[Opening Information supplied section]

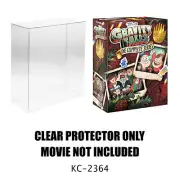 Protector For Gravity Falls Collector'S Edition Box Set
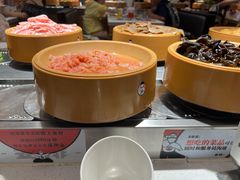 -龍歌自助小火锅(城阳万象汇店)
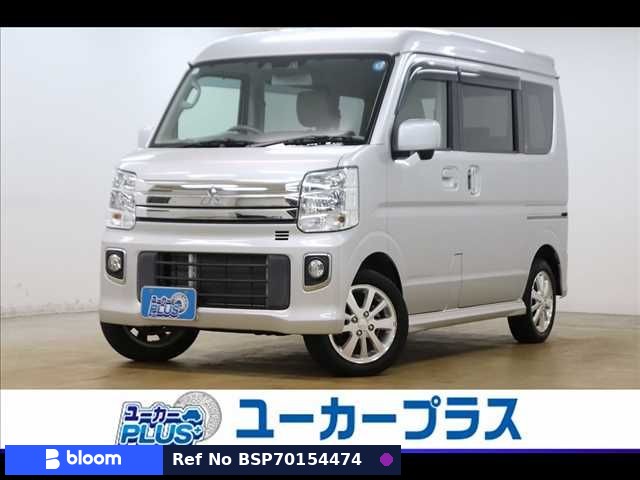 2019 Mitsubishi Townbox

[Closing Information supplied section]

Required work:
Would you restate the listing word for word without its pictures?

Response box:
 Protector For Gravity Falls Collector'S Edition Box Set
 -龍歌自助小火锅(城阳万象汇店)
 2019 Mitsubishi Townbox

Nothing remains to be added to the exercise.